A Evangelii Gaudium de Francisco, 2013, cita a Evangelii Nuntiandi de Paulo VI, 1975, em 15 ocasiões. A mesma quantidade de vezes do “Documento de Aparecida”, a 5ª Conferência do Episcopado Latino-americano e Caribenho, evento realizado em 2007, onde o então Arcebispo de Buenos Aires, Cardeal Bergoglio, atuou como presidente da comissão de redação. Fica evidente a grande ligação entre estes documentos. De fato, o conceito de “discípulo missionário” praticamente nasceu ali naquela Conferência. E ganhou grande destaque na Evangelii Gaudium, no “coração” do documento, ou em seu eixo central, sobre o Anúncio do Evangelho (cf. EG 110-175). Vejamos o parágrafo 120:

 

“Em virtude do Batismo recebido, cada membro do povo de Deus tornou-se discípulo missionário (cf. Mt 28,19). Cada um dos batizados, independentemente da própria função na Igreja e do grau de instrução da sua fé, é um sujeito ativo de evangelização [...]. A nova evangelização deve implicar um novo protagonismo de cada um dos batizados.
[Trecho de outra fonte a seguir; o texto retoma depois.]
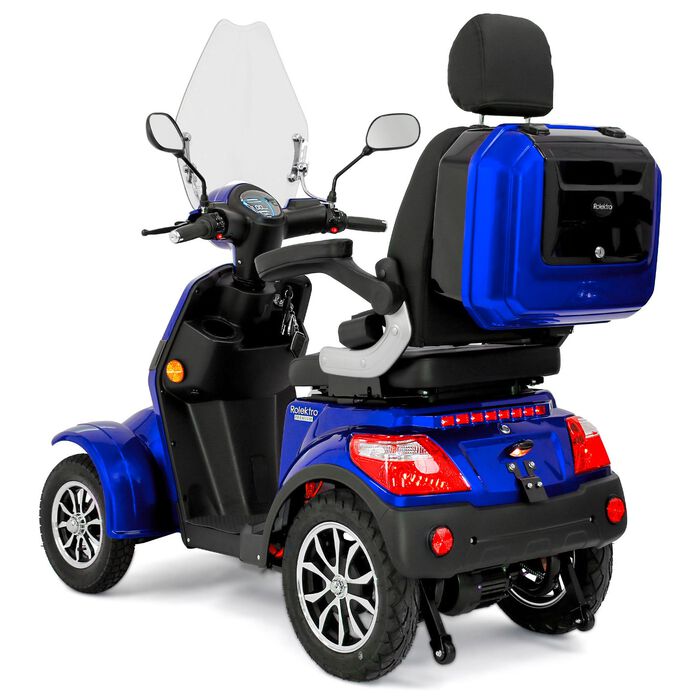 Rolektro Akku-Quad - Nachhaltig, mobil unterwegs 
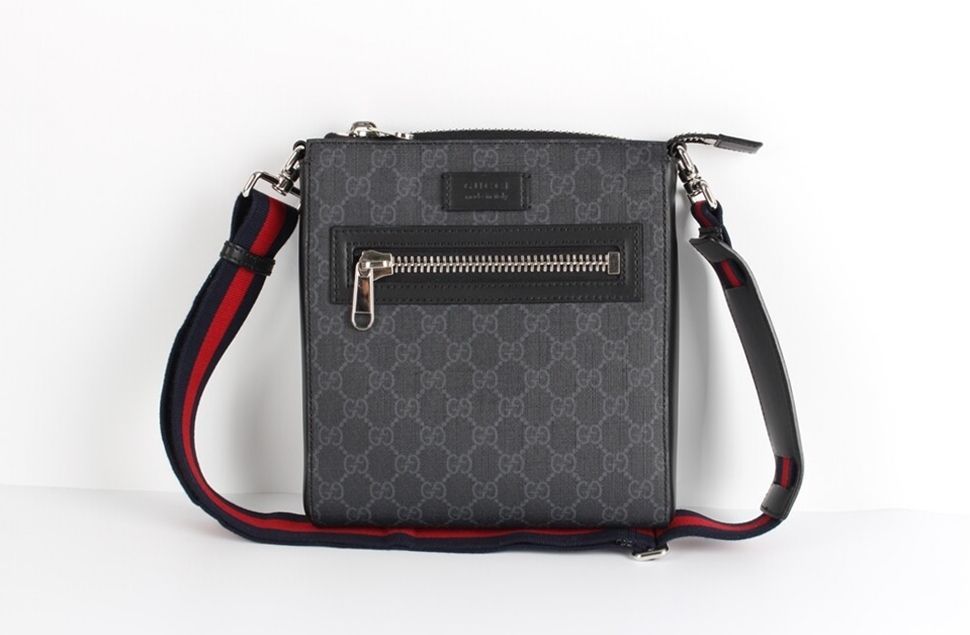 Gucci Supreme Messenger Bag GG - Black (Small) SK12345678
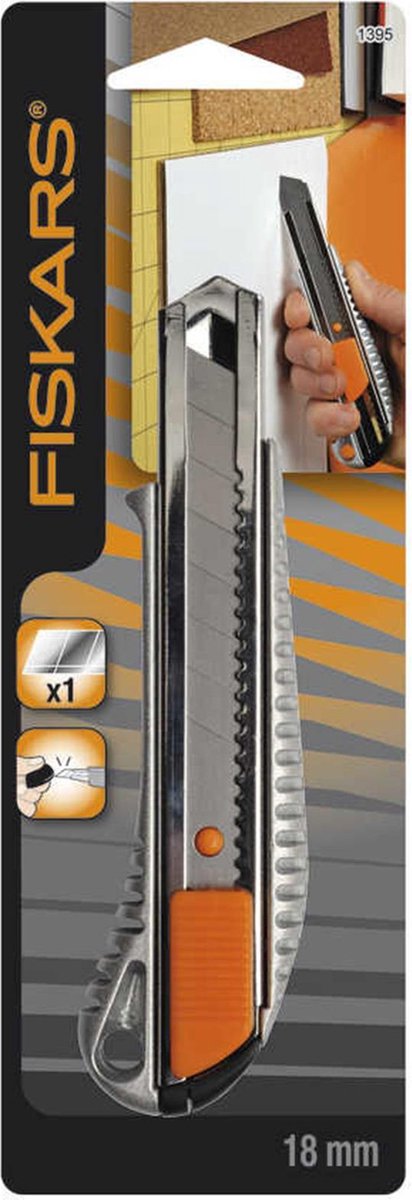 Fiskars https: www.cchobby.nl -hobby Knife-b-18-mm-1-piece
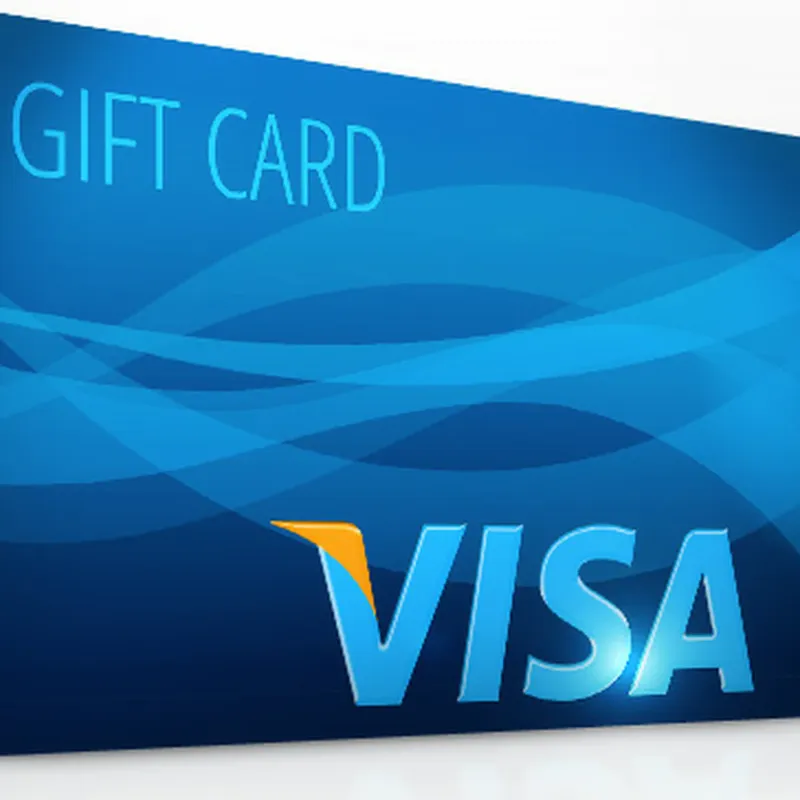 VISA GIFT CARD 20$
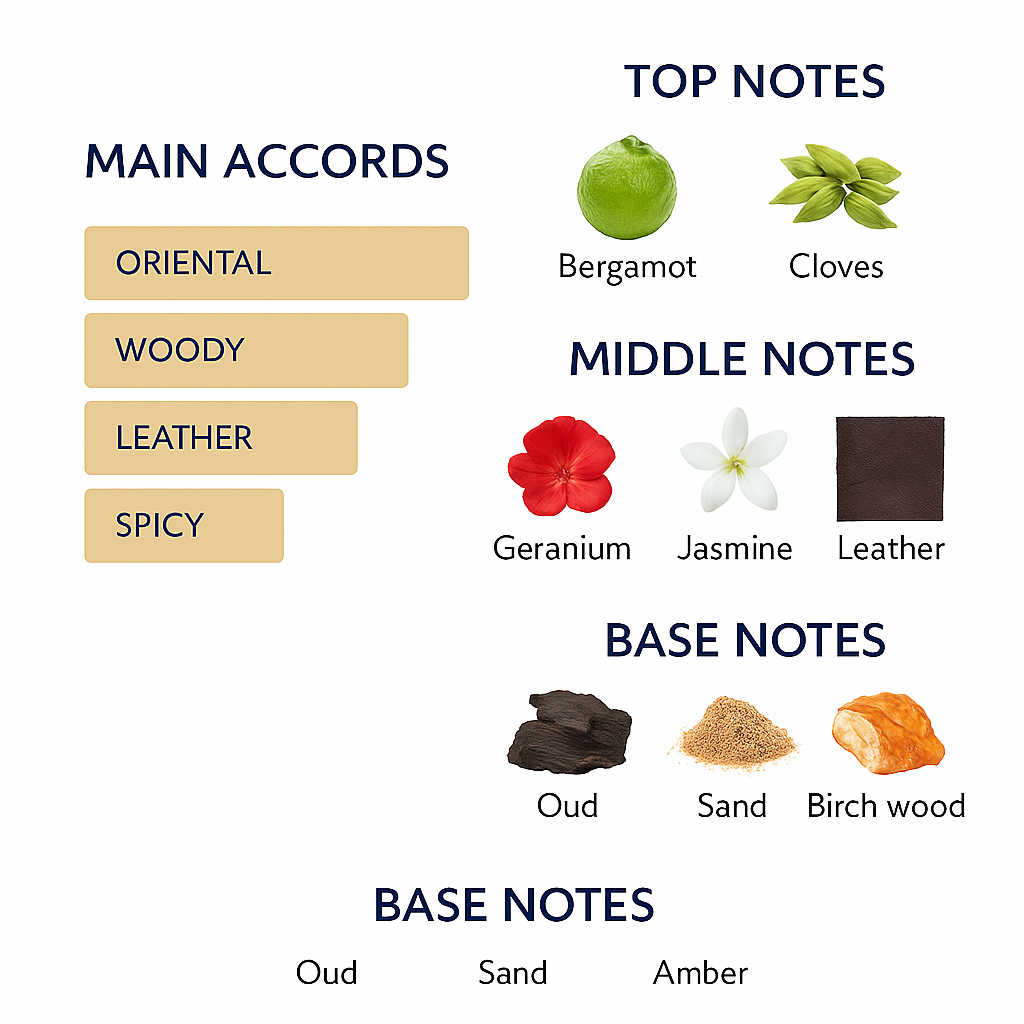 Dior Leather Oud Eau de Parfum 125ml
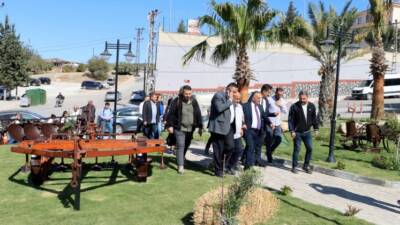 Altınözü’nde açılan Açık Hava Tarım Müzesi, tarımsal mirası sergileyerek hem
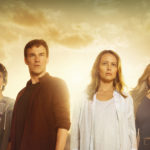THE GIFTED:  L-R: Percy Hynes White, Stephen Moyer, Amy Acker and Natalie Alyn Lind in THE GIFTED premiering this fall on FOX.  ©2017 Fox Broadcasting Co.  Cr:  Frank Ockenfels/FOX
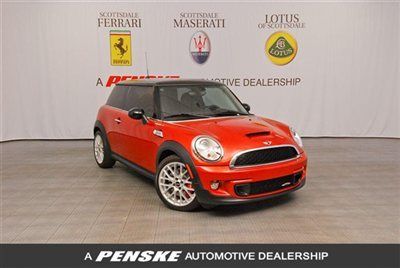 2011 mini copper works-premium pack-convience pack-one owner- like 2012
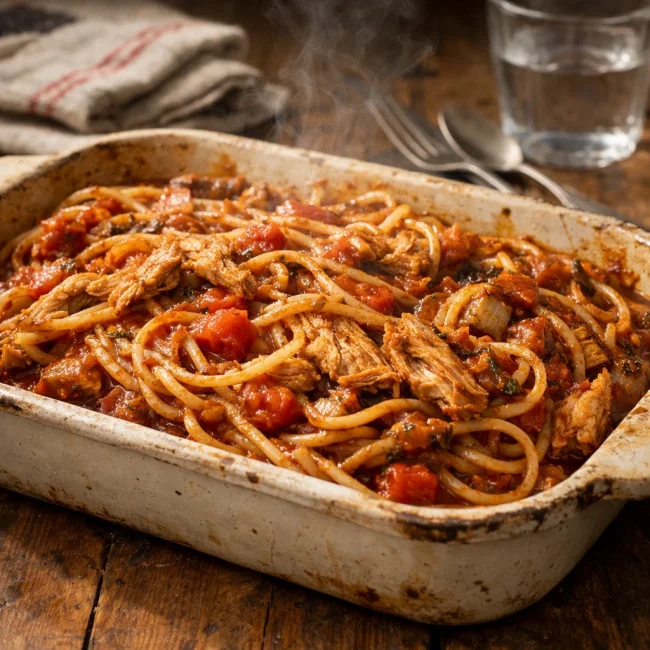 Chicken Spaghetti Antiqua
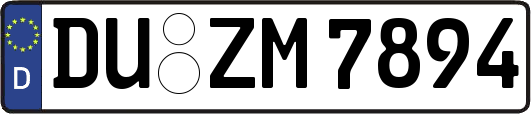 DU-ZM7894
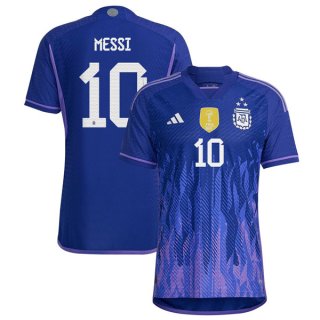 3 Estrellas Tailandia Camiseta Argentina Segunda Equipación Messi 2022/2023 3 Estrellas Tailandia Camiseta Argentina Segunda Equipación Messi 2022/2023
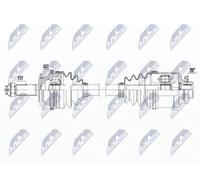 Original NTY Arbre D'Transmission NPW-HY-526 Pour Hyundai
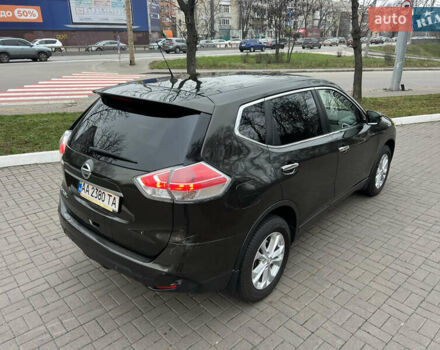 Зеленый Ниссан ИксТрейл, объемом двигателя 2 л и пробегом 75 тыс. км за 18500 $, фото 7 на Automoto.ua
Esta convicção transforma-se num apelo dirigido a cada cristão para que ninguém renuncie ao seu compromisso de evangelização [...]. Cada cristão é missionário na medida em que se encontrou com o amor de Deus em Cristo Jesus; não digamos mais que somos «discípulos» e «missionários», mas sempre que somos «discípulos missionários». Se não estivermos convencidos disto, olhemos para os primeiros discípulos, que logo depois de terem conhecido o olhar de Jesus, saíram proclamando cheios de alegria: «Encontramos o Messias» (Jo 1,41). A Samaritana, logo que terminou o seu diálogo com Jesus, tornou-se missionária, e muitos samaritanos acreditaram em Jesus «devido às palavras da mulher» (Jo 4,39). Também São Paulo, depois do seu encontro com Jesus Cristo, «começou imediatamente a proclamar que Jesus era o Filho de Deus» (cf. At 9,20). Porque esperamos nós?” (grifo nosso).

 

Uma nova evangelização exige um novo protagonismo de cada um de nós! Mas a estrela continua a mesma: “Há um estilo mariano na atividade evangelizadora da Igreja”, afirma o papa Francisco no parágrafo conclusivo da Evangelii Gaudium. E é justamente com ela, a Estrela da nova evangelização, que desejamos concluir nossa reflexão sobre a Igreja em saída, não fechada em si mesma, sinodal, em comunhão, participação e missão:

 

“Ajudai-nos a refulgir com o testemunho da comunhão, do serviço, da fé ardente e generosa, da justiça e do amor aos pobres, para que a alegria do Evangelho chegue até aos confins da terra e nenhuma periferia fique privada da sua luz. Mãe do Evangelho vivente, manancial de alegria para os pequeninos, rogai por nós. Amém. Aleluia!” (EG 288).